Monday, April 24, 2006

Which Is About the Fish Not Knowing What Water Is



04/24/2006 3:51 PM – 4:12 PM

And where is he? He’s here. The pain in the pit of my stomach that tells me that there’s still hope. Always the hope. Though he slay me, yet will I praise him. It’s better this way. The light dawn of sadness. Let it melt away. Let the spring thaw begin; let my heart melt to joy, unadorned with this taint of feathery depression.

Save me again, oh God. Save me again. Though I cannot see you. Though I cannot discern the true voice inside me, whether it is just me or just you. Come back to my bed and rock my fear asleep forever more. Is there no comfort in Zion? Or perhaps I have not found my way there yet. Where is the sure map? Where is heaven now? So I sit down and type. Will I write away the drabness of existence? Let me lose myself. Let me be better than I am right now. Comfort me, oh Comforter of Paul and Koholeth. Let me lose this thing that is me in the immensity of the eternal me. Let the me that is me and only me, find it’s own real voice. There is no me. There is only me. Not one, just one. Not two, not one.

When the light comes down on the timeless let this be said, Spike found his own true happiness.

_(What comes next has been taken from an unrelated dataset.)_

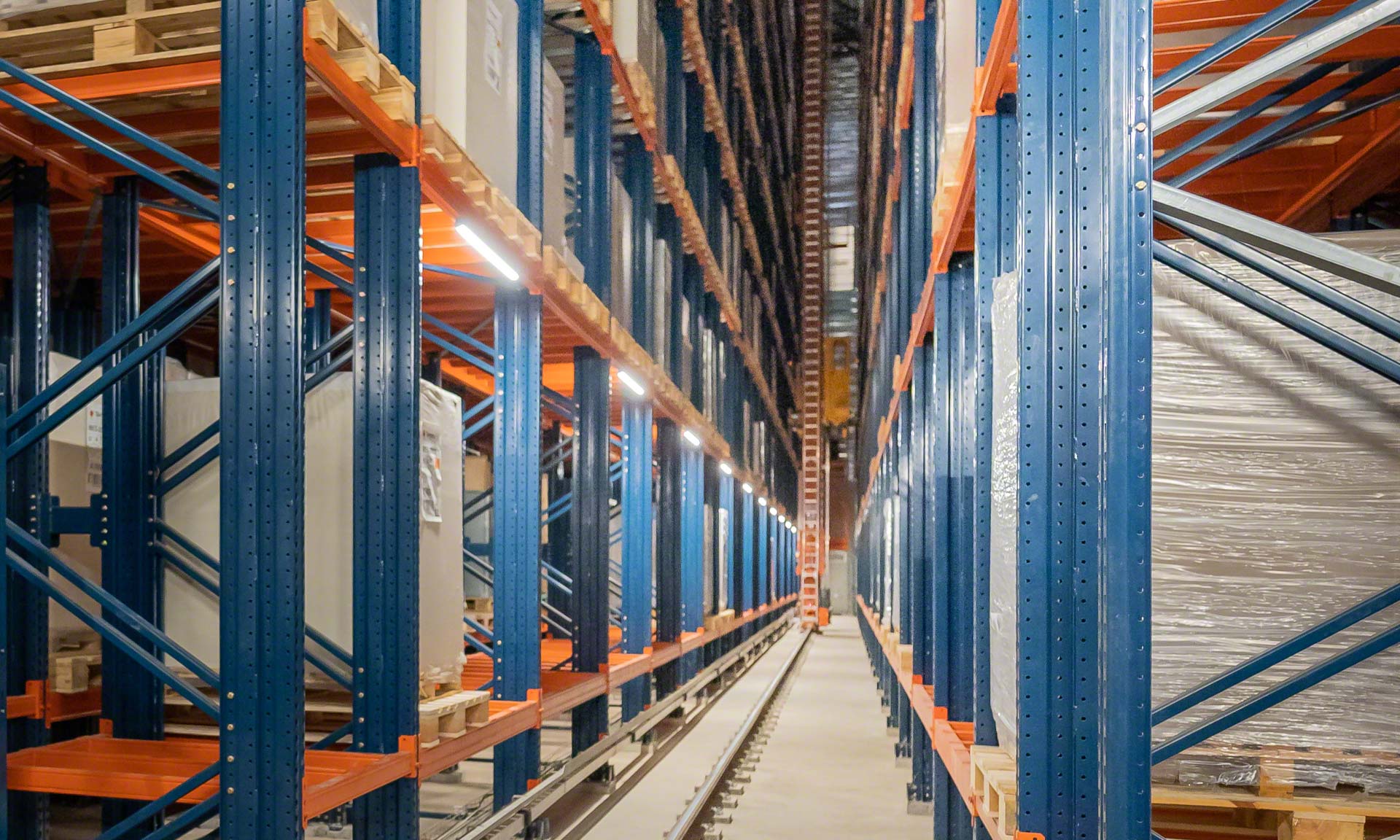 Alzamora Group, empresa líder del ‘packaging’ con dos almacenes automáticos autoportantes Alzamora Group, empresa líder del ‘packaging’ con dos almacenes automáticos autoportantes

Spike found the comfort of the quiet that was God’s voice to him. Is that what you must learn today? If your God speaks the language of silence, learn to speak it in return. What are you living? What is this that rolls about inside you? Say it with the words of no-words. Let me down to the bottom of the true Pacific. Let me sink into the warmth of no-dream sleep, breathing the unknowable eternal. The man said that faith believes that God cares when there is no sign of it. If God speaks the language of stillness, Spike must learn to hear it. Let go. Open your hands. Hold fast no longer. Let the waves overwhelm and sink down to the quiet that surrounds and fills. The fish has no concept of water. Recognize that you have no concept of God. Let go and sink to the bottom. Rest in strength. Rejoice in peace. Your God surrounds and fills. You cannot find him because you cannot conceive of genuine not-him. In him you live and move and have your being. Your God speaks peace. Peace then. Let go and sink into the unspeakable peace.